That's the title of a paper by Bailey Norwood, Glynn Tonsor, and myself that was just released by the journal, Applied Economic Perspectives and Policy.

We start the paper as follows:

Social issues in agriculture such as animal welfare and food insecurity pose two primary concerns: whether any action is going to be taken and, if it is, the extent to which action is taken in the private or public realm. Those who are concerned about animal welfare in conventional egg production can take private action by purchasing cage-free eggs, or they can encourage public action by voting for bans on the use of cages in egg production. Private action to mitigate food insecurity includes donating to food banks, while its public counterpart is government programs like the Supplemental Nutrition Assistance Program

A summary of the study and findings:

This study explores the extent to which individuals will support public action but, in its absence, will not commit their own voluntary efforts. An internet survey was administered to over 3,500 individuals with hypothetical scenarios in which they could donate their own money toward a cause and/or support government action. When asked to choose between public or private action, most chose a combination of the two, suggesting that public and private partnerships are the preferred vehicle for solutions to social problems. Close to 20% indicated they would vote for laws to confront an issue but not contribute their own private donations.

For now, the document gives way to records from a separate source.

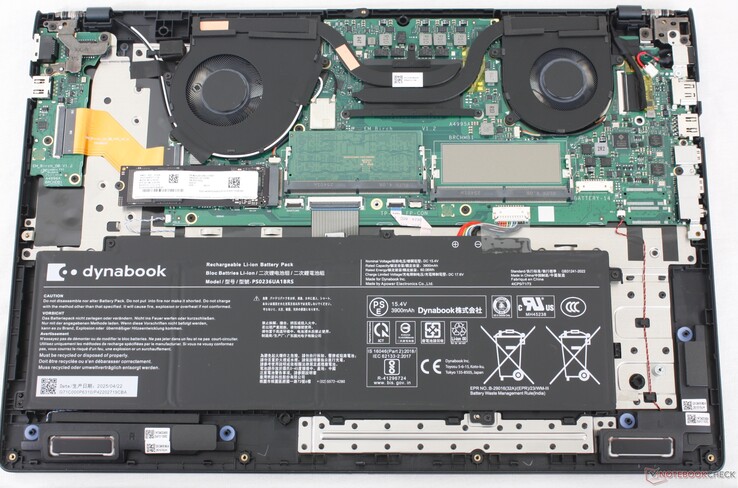 Enkel service med åtkomlig M.2 2280 SSD och två DDR5 SODIMM-platser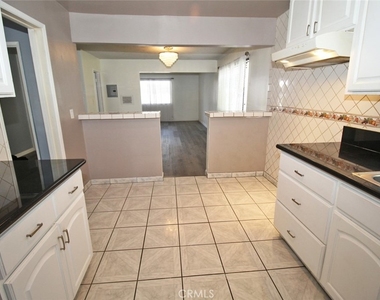 414 E 98th Street - Photo Thumbnail 7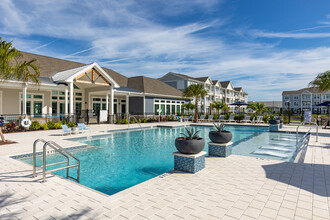 The Pointe at Palm Bay in Palm Bay, FL - Foto de edificio - Building Photo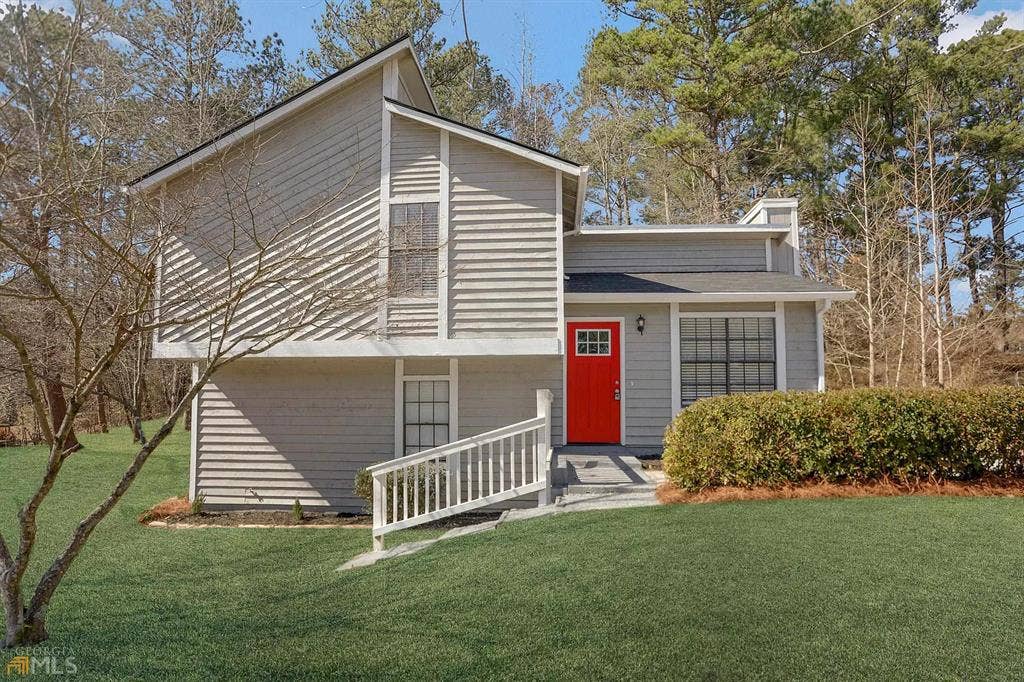 Roomated Wanted! - Available NOW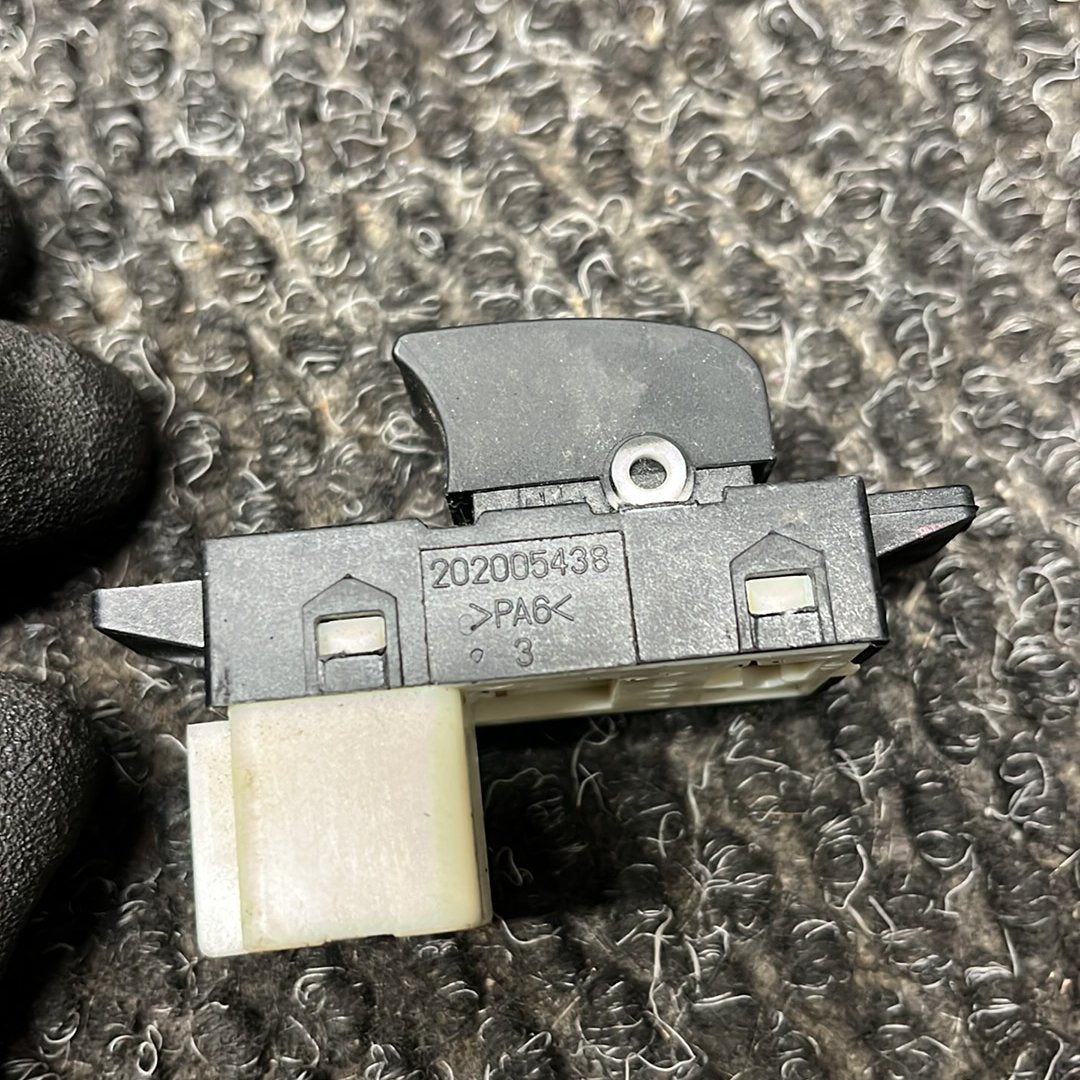2017 Holden Captiva- Left Front Window Switch- (TAG7934)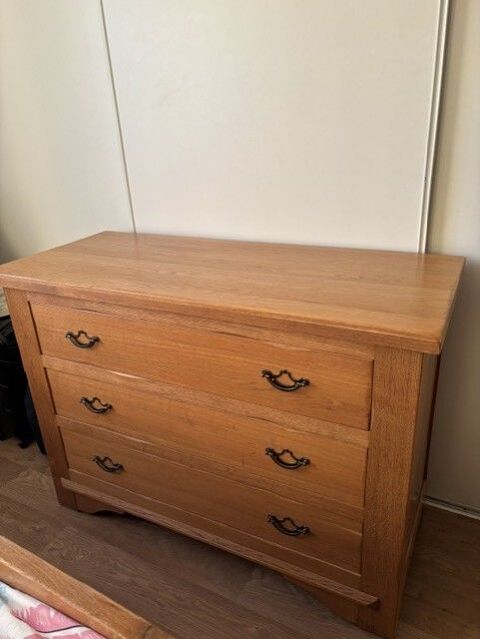 Commode 3 tiroirs en chêne massif 150 Boulogne-sur-Mer (62)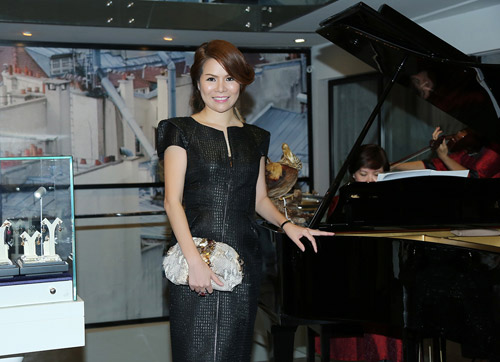 U50 Sài Gòn thành mỹ nhân sau ‘dao kéo’ - 1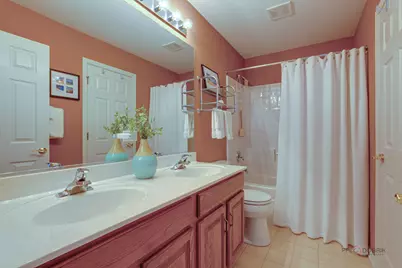 1875 Trevino Terrace, Vernon Hills, IL 60061 - Photo 36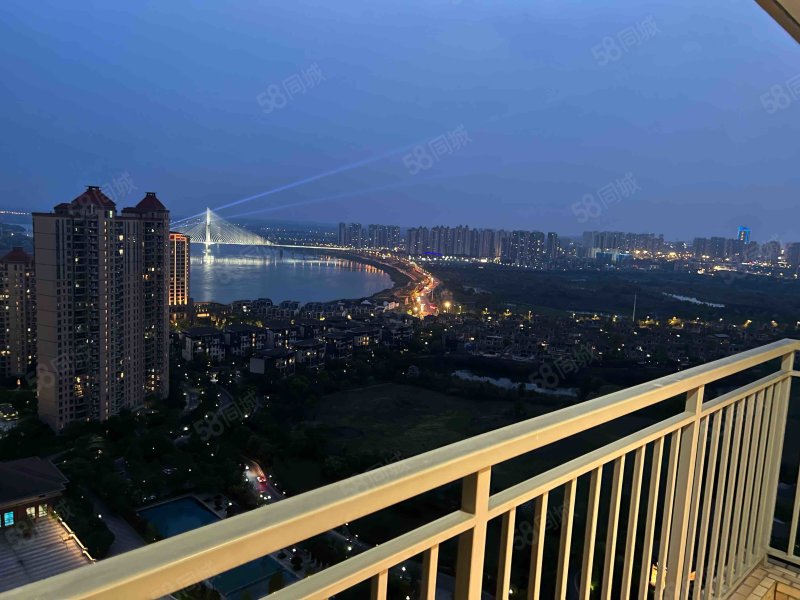 晋合湘水湾3期楼王栋4加一户型有钥匙随时看房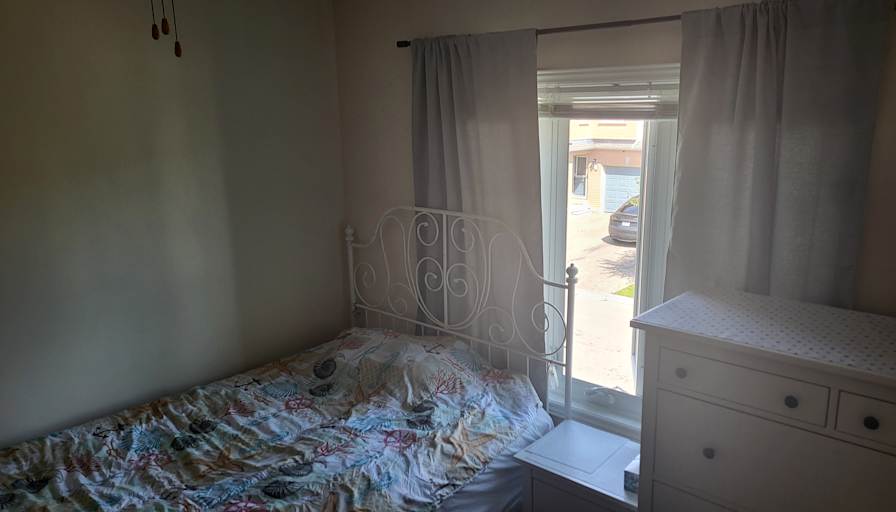 Elle's room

Understanding the Impacts of Food Consumer Choice and Food Policy Outcomes

The journal Applied Economics Perspectives and Policy just published a special issue in which  agricultural and applied economists provide their thoughts on how we might help tackle some of society’s most difficult problems and challenges.  I co-authored one of the articles with Jill McCluskey.  Here's the abstract:

The food consumer plays an increasingly prominent role in shaping the food and farming system. A better understanding of how public policies affect consumer choice and how those choices impact health, environment, and food security outcomes is needed. This paper addresses several key challenges we see for the future, including issues related to dietary-related diseases and the efficacy of policies designed to improve dietary choices, trust in the food system, acceptance of new food and farm technologies, environmental impacts of food consumption, preferences for increased food quality, and issues related to food safety. We also identify some research challenges and barriers that exist when studying these issues, including data quality and availability, uncertainty in the underlying biological and physical sciences, and the challenges to welfare economics that are presented by behavioral economics. We also identify the unique role that economists can play in helping address these key societal challenges.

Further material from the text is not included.